Harvey Silverglate, co-founder of the Foundation for Individual Rights in Education, warned that colleges and universities face unprecedented challenges to the right to free speech as administrators impose increasingly stringent speech codes on students.
In his lecture "Free Speech on Campus Before and After 9/11" Silverglate examined the history of free speech in the United States, likening it to a constantly swinging pendulum. Like a pendulum, he said, there is more or less freedom of speech depending on the public political opinion and events in that particular period of history.
This pendulum is extremely useful for the preservation of liberty, Silverglate said, for those currently in power have to recognize that they will not necessarily be in charge in the future.
"We are in the most dangerous time for liberty certainly during our lifetime and probably in the last century," Silverglate said.
Issues of free speech and the first amendment were not given any serious attention until the first and second decade of the 20th century. Silverglate gave examples from the anti-war movements during the First and Second World War.
Most prominent among these examples were cases involving educational institutions versus students.

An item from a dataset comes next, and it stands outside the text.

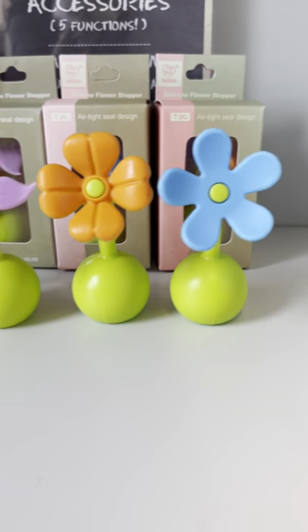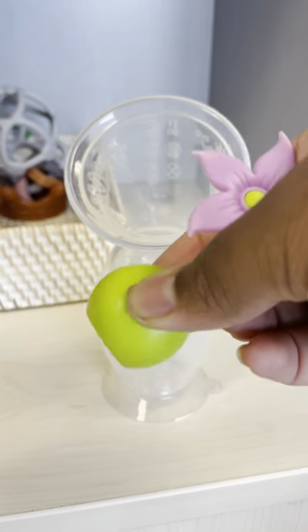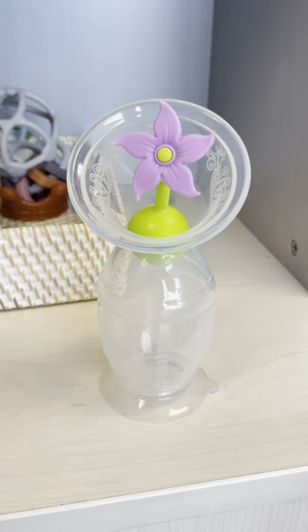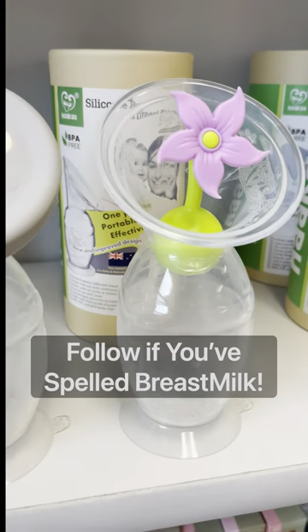The flower stoppers come in four colors, and you insert them in the neck of your Haakaa pump. The great thing about the flower stoppers is you can insert them with one hand. If you don't know which one's for you, you can never go wrong with getting both. No more crying over spilled milk!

In 1969, a secondary school was prohibited from expelling two students who wore black armbands to protest the war in Vietnam, while in 1971 a student walked into a courthouse in California with a jacket that featured an explicit statement against the draft.
The student was arrested, but the court ruled in his favor, recognizing that "one man's vulgarity is another's lyric" and protecting two elements of speech: the emotive and the cognitive.
Along with increased diversity on college campuses in the 80s, there was a corresponding increase in the number of administrators specializing in the student life area.
This increase, he claimed, became a "bane" to free speech on colleges throughout the nation. In the wake of this change, administrators increasingly sought to make colleges more "welcoming," he said.
"I hate the word welcoming," Silverglate said, defining it as an excuse for "engaging in vile forms of social engineering" which lead to the adoption of speech and harassment codes.
By the mid 80s, two types of codes arose, the first being offensive speech codes, which were challenged immediately in court. In three major cases, involving the University of Wisconsin, the University of Michigan and Stanford University, the Supreme Court ruled that the institutions were covered by the first amendment, and thus the speech codes were dropped.
Though the decision was final, college administrators simply rewrote the codes. They redefined the historical concept of harassment to include highly offensive speech, even though highly offensive speech is constitutionally protected.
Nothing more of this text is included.